Wir müssen reden, wir müssen mal ein paar Begriffe klar kriegen. Warum ist das wichtig? Weil wir als Gesellschaft jegliches Rückgrat verloren haben, weil wir statt wehrhaft demokratisch scheiß-egal-liberal geworden sind.

Das hat, wenn ich sehr positiv denke, mit dem völligen Missverständnis des Grundrechts auf Meinungsfreiheit zu tun. Ich wünsche mir, dass es ein Missverständnis ist, ich weiß aber auch, dass „Meinungsfreiheit“ oft ein Feigenblatt ist, mit dem Menschen ihre Menschenfeindlichkeit kaschieren wollen. Aber lösen wir erst mal das mit dem Missverständnis auf: Bei Meinungsfreiheit geht es um das Recht, seine Meinung frei sagen zu dürfen. Der Staat darf Menschen nicht wegen ihrer Meinung verfolgen. Er darf ihnen nicht verbieten, ihre Meinung zu sagen.
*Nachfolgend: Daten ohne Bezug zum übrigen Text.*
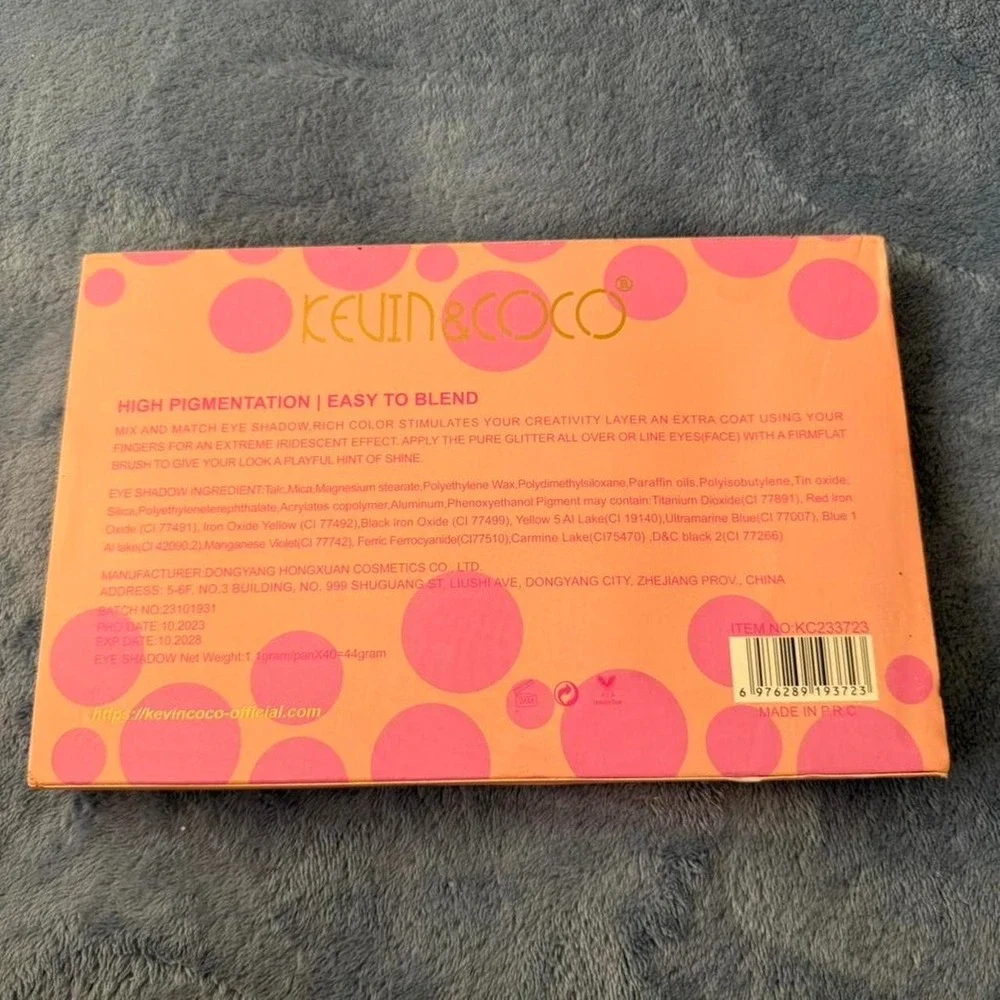 Kevin & Coco 40 Colors Eyeshadow Palette collectible new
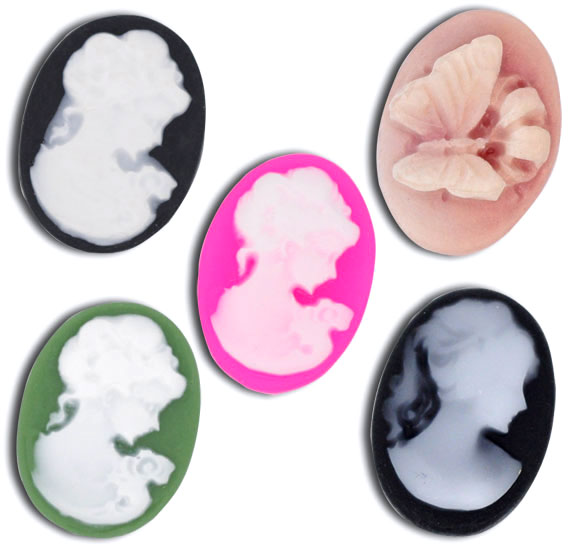 x1 Camée Dôme en Résine – Femme ou Papillon – 18x13mm – Couleurs au choix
Das hat natürlich eine Grenze da, wo die vermeintliche Meinungsäußerung ein Verbrechen beinhaltet, zum Beispiel Drohungen und Beleidigungen. Die Grenze muss klar sein, dafür haben wir ein Grundgesetz, dass jedem Menschen seine Würde garantiert. Wenn Menschen anderen Menschen mit dem Wiedereröffnen von KZs drohen, dann ist das natürlich keine Meinung, sondern eine Drohung, dass Massenmord ins Haus steht. Das ist keine Meinung, das ist ein Angriff auf die solidarische Gesellschaft und die Verfassung. Da muss der Staat eingreifen und wenn er es nicht macht, dann vergisst er seine Pflicht und seine Orientierung an eben der Verfassung.
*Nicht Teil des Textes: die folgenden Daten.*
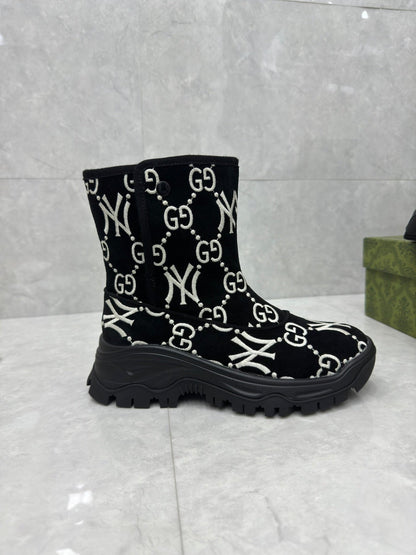 GG&NY SNOW BOOTS IN BLACK SUEDE AND WOOL LINING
Meistens sagt der Staat nicht wirklich viel zu Meinungsäußerungen, und das ist auch okay. Wie gesagt, der Staat darf sich da nur einmischen, wenn es einen wirklich triftigen Grund gibt. Das ist superwichtig. Niemand, den ich politisch zurechnungsfähig halte, würde zurück zur Zensur wollen. Das ist übrigens auch so ein oft falsch verstandenes Wort: „Zensur“ Es handelt sich dabei um staatliche Behörden, die sich angeschaut haben, was so publiziert wurde, und alles verboten haben, was ihnen nicht passte. Es wird auch so verstanden, dass der Akt des Verbietens „Zensur genannt“ wird. Warum gehe ich da so genau drauf ein? Ganz einfach, weil es so oft falsch verwendet wird. Wenn hier unter diesem Blogpost jemand Unsinn postet, dann ist es natürlich keine Zensur, wenn ich diesen Kommentar nicht veröffentliche. Das ist keine Zensur, weil ich kein Vertreter des Staates bin. Ich bin nur der Betreiber des Blogs. Damit bin ich hier Hausherr und wenn jemand Sachen schreibt, die ich doof finde, dann brauch ich die nicht veröffentlichen. Wenn ich jemanden in meine Küche lasse, heißt das schließlich auch nicht, dass ich ihm erlauben muss, auf den Herd zu kacken.

Wenn jemand in seinem eigenen Blog schreibt, wie blöd er meinen Text hier findet, dann ist das total in Ordnung. Wer mich der Zensur bezichtigt, weil ich einen Kommentar nicht freischalte, dann hat derjenige einfach nicht kapiert, was Zensur ist. Wer mir sagt, dass ich etwas zulassen muss, weile es ja Meinungsfreiheit gebe, den muss ich leider auslachen – ich verhindere ja nicht, dass jemand etwas sagt, ich verhindere nur, dass er mir auf den Herd kackt. Ich verbreite hier doch nicht den Müll, den andere hier abladen wollen.

Und ich wünschte, dass viel mehr Menschen und auch eine Menge Institutionen ihre Verantwortung ernst nehmen würden, und von ihrem Hausrecht Gebrauch machen. Es gibt keinen Grund, dass Google/Youtube jede Menge Gedankengut verbreiten und auf ihren Seiten dulden, die gegen die Grundwerte unserer Gesellschaft gerichtet sind. Die anderen Menschen die Würde nehmen. Man muss auch sonst nicht jeden Müll zulassen. Wer historische Fakten, ob es um den Holocaust oder die Mondlandung geht, negiert, den verbreitet man nicht. Wer von großen Verschwörungen um Chemtrails oder 9/11 fiebert, der kann das auf der Seite vom Kopp-Verlag tun, den muss man doch nicht in eine Uni einladen oder auch nur auf Youtube oder in Facebook eine Plattform bieten. Wir brauchen Rückgrat! Wir sollten keinen Müll und noch viel weniger Verbrechen zulassen, nur weil wir das mit dem Feigenblatt Meinungsfreiheit äußerst dürftig begründen – natürlich geht es Facebook und Google um die Werbeeinnahmen. Und wenn Amazon zwar jetzt KZ-Akif nicht mehr verkauft, dafür aber den rassistischen Dreck von Sarrazin und Konsorten natürlich weiterverbreiten, dann liegt das nicht an Meinungsfreiheit, sondern am Gewinnstreben.Aber wo sollen Konzerne denn Rückgrat her haben, wenn die Gesellschaft keines hat?